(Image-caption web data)
%%
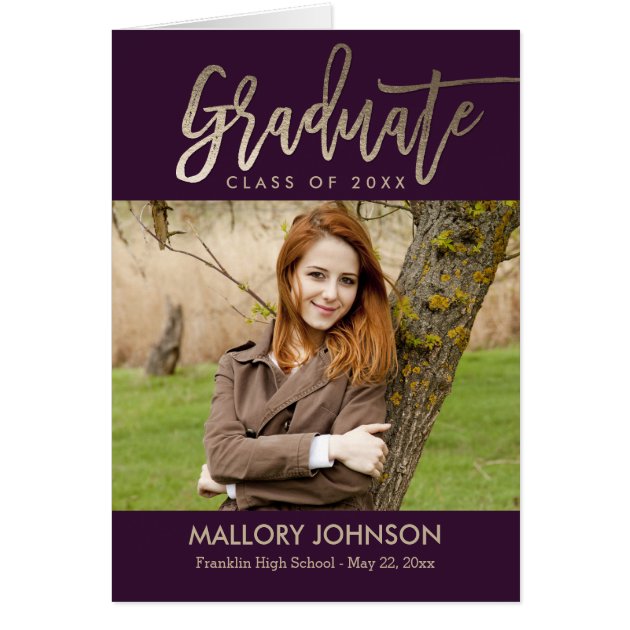 Brushed Glimmer Graduation Thank You Card
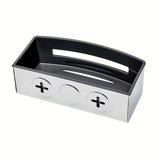 Inox tuš polica SAT Chrome u krom izvedbi s uklonjivim crnim plastičnim umetkom.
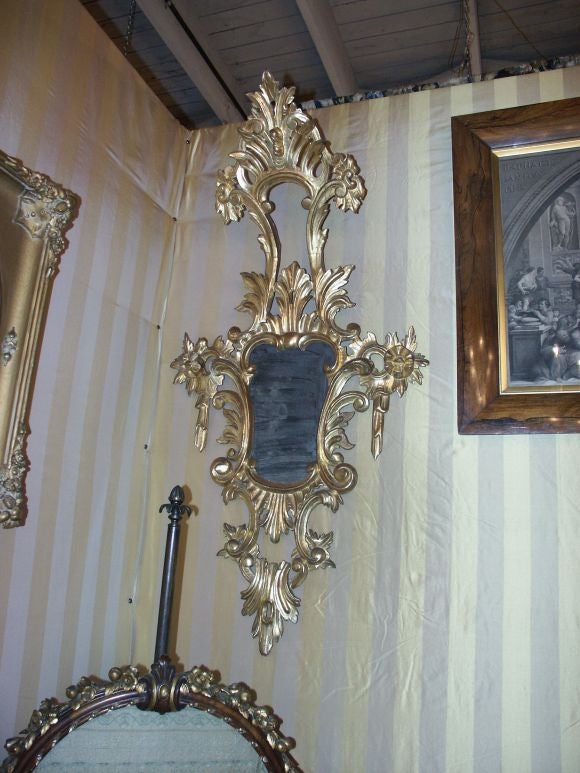 Beautiful Pair of 19thC Italian Giltwood Wall Mirrors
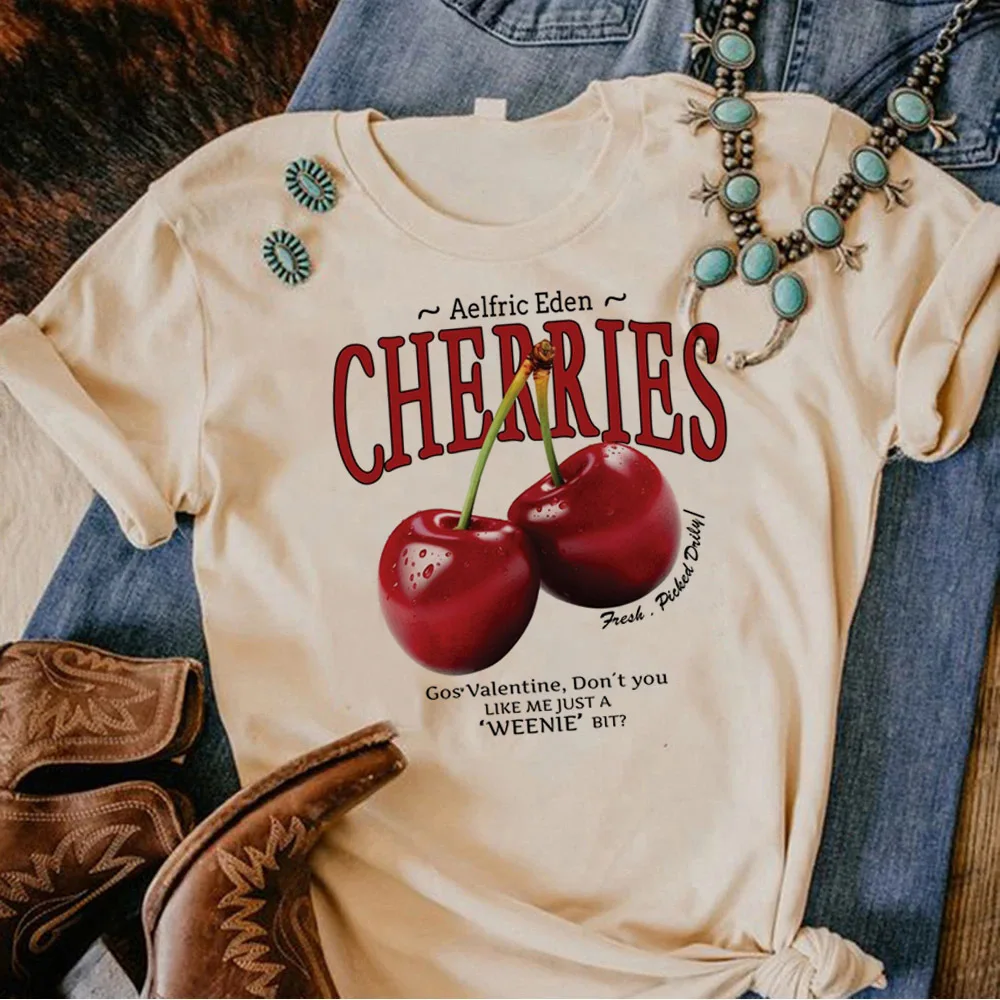 Cerise t-shirt femme graphique université numérique années 2000 Grunge Pop Culture chemise Harajuku Kawaii Punk années 2000 Vintage Hip Hop: XXXL / Marron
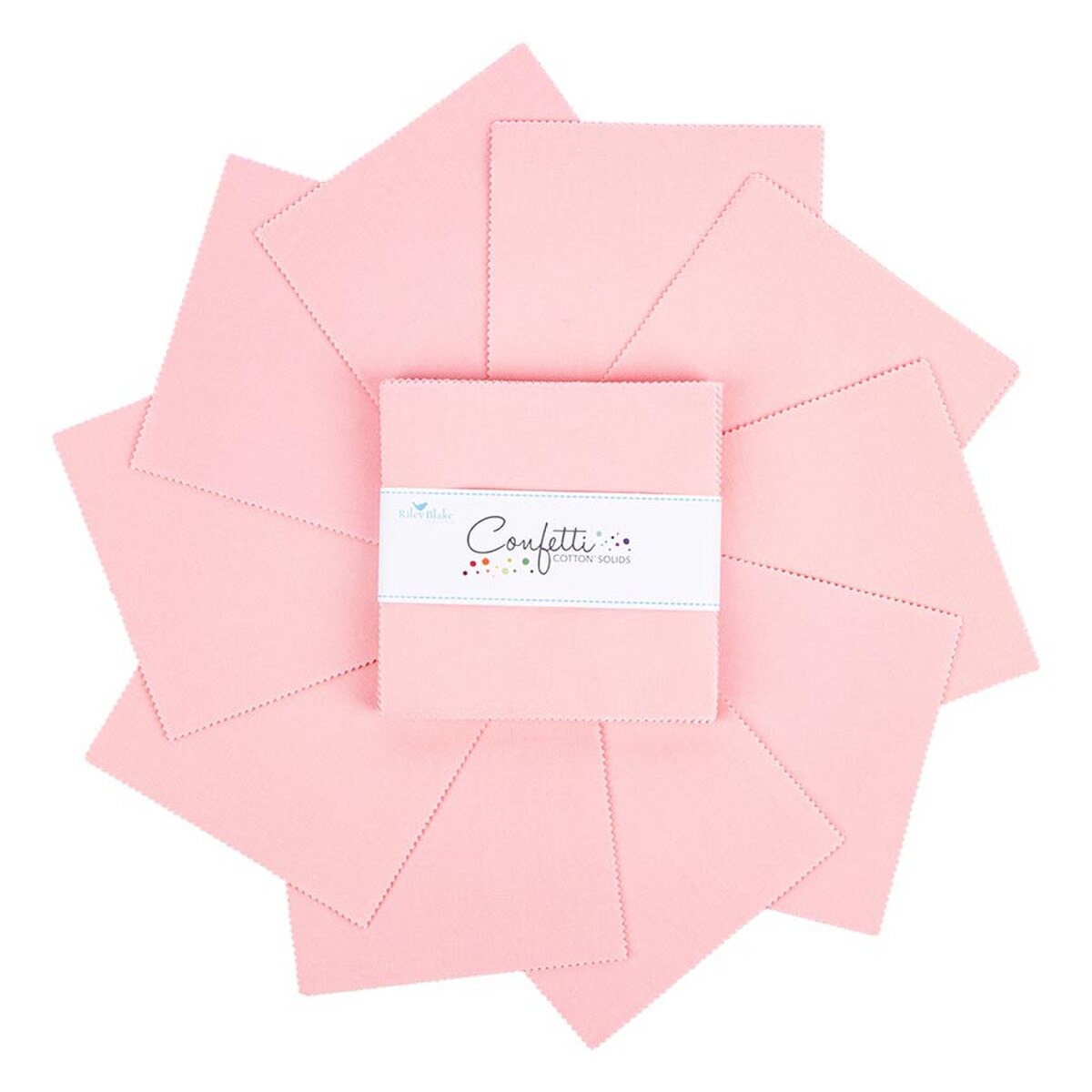 Charm Pack 5x5 Squares - Riley Blake Confetti Cotton Solids Pretty In Pink 5-inch Stacker - 40 5" Square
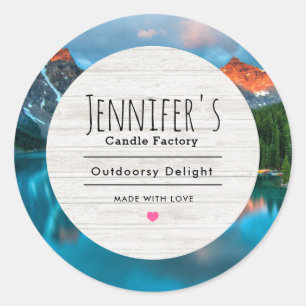 Adesivo Redondo Escala de Fotografia de Montanha Cênica e Paisagem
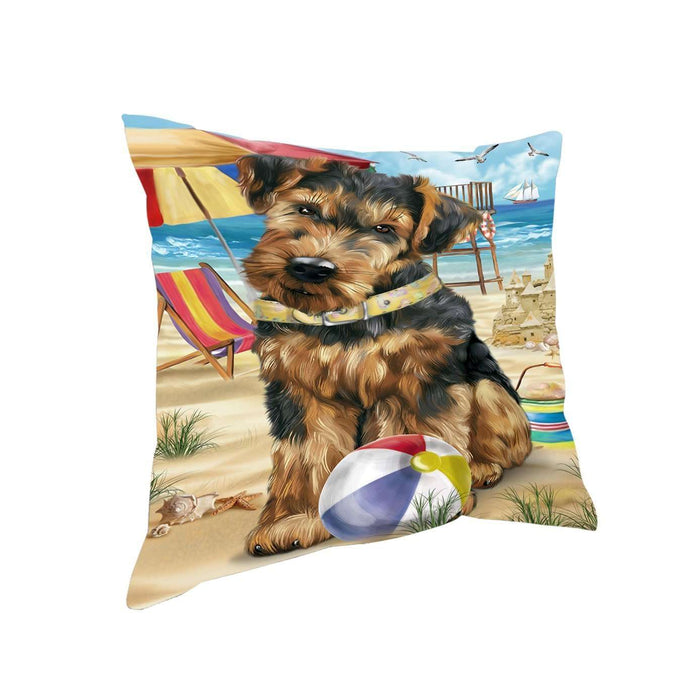 Pet Friendly Beach Airedale Terrier Dog Pillow PIL50264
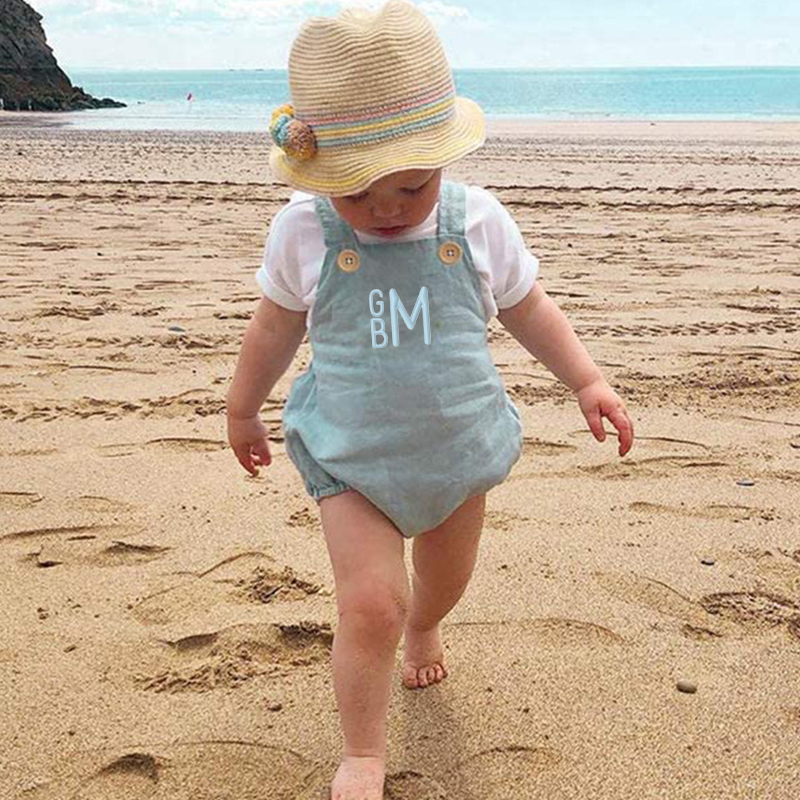 Personalized Baby embroidered unisex overalls suspenders Romper| BBcloth09
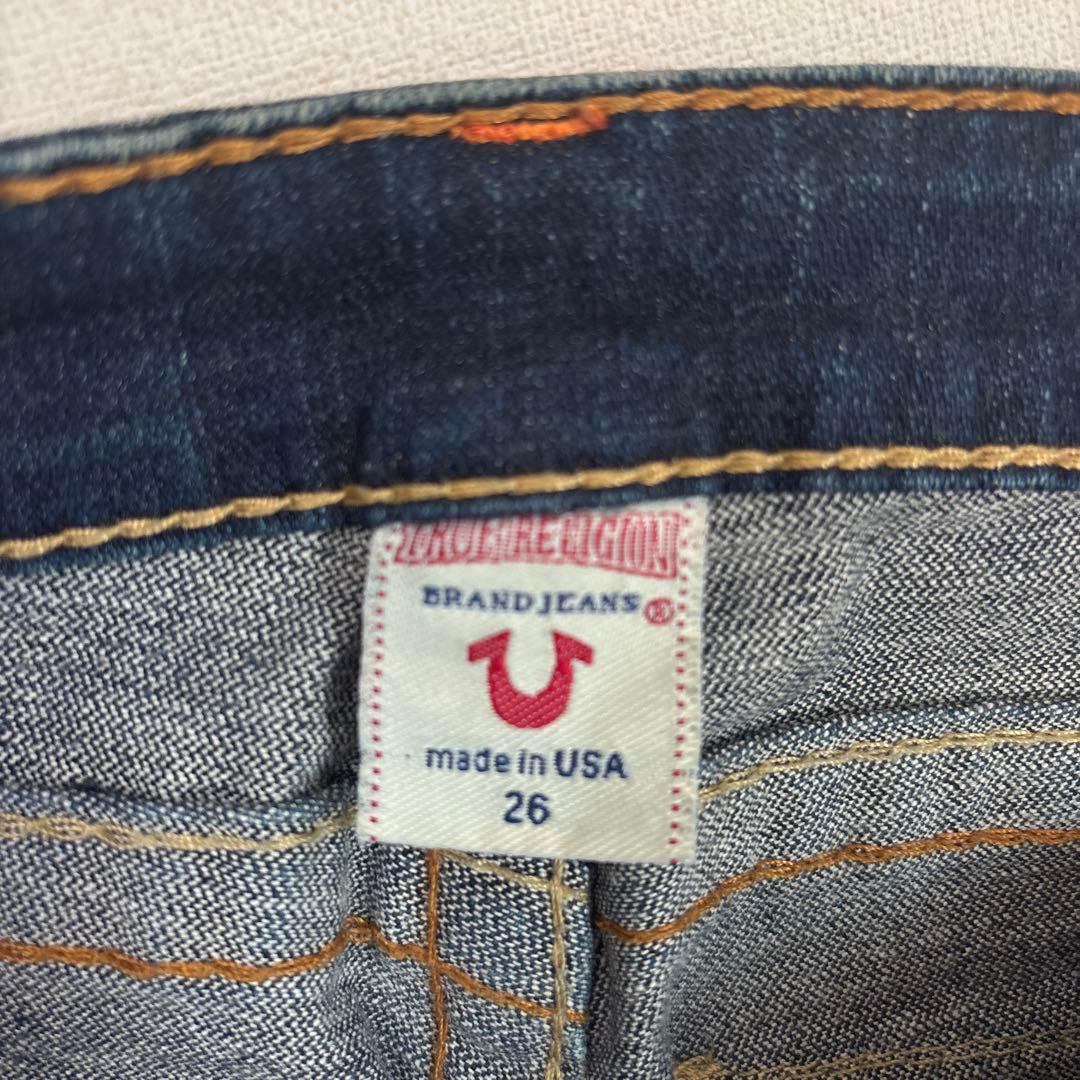 a336【TRUE RELIGION】レディース　26 ブーツカット　ダメージ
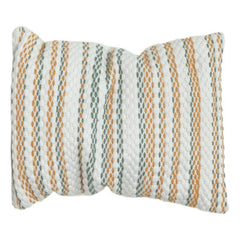 Textured Cotton Cushion Cover 35x50 cm – Handwoven Striped Design in Ivory, Mustard & Sage | Decorative Lumbar Pillow Cover with Hidden Zip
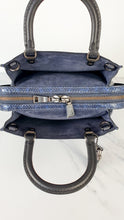 Load image into Gallery viewer, Coach 1941 Rogue 25 in Metallic Dark Blue & Black With Snakeskin Detail Colorblock - Satchel Handbag 38823
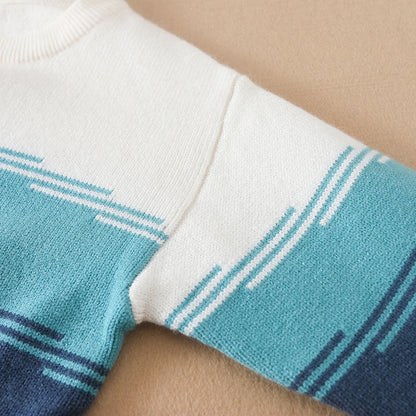 Tween Jungen-Pullover, lässig, Rundhalsausschnitt, Farbblock, langärmelig, für Herbst/Winter, Kinder-Strickwaren für Jungen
%%
**What needs to be done**
Your answer should consist of the lines above between those holding "a336【TRUE RELIGION】レディース　26 ブーツカット　ダメージ" and "Load image into", inclusive, reproduced word for word and without pictures.

**Solution below**
 a336【TRUE RELIGION】レディース　26 ブーツカット　ダメージ
 Textured Cotton Cushion Cover 35x50 cm – Handwoven Striped Design in Ivory, Mustard & Sage | Decorative Lumbar Pillow Cover with Hidden Zip
 Load image into Gallery viewer, Coach 1941 Rogue 25 in Metallic Dark Blue & Black With Snakeskin Detail Colorblock - Satchel Handbag 38823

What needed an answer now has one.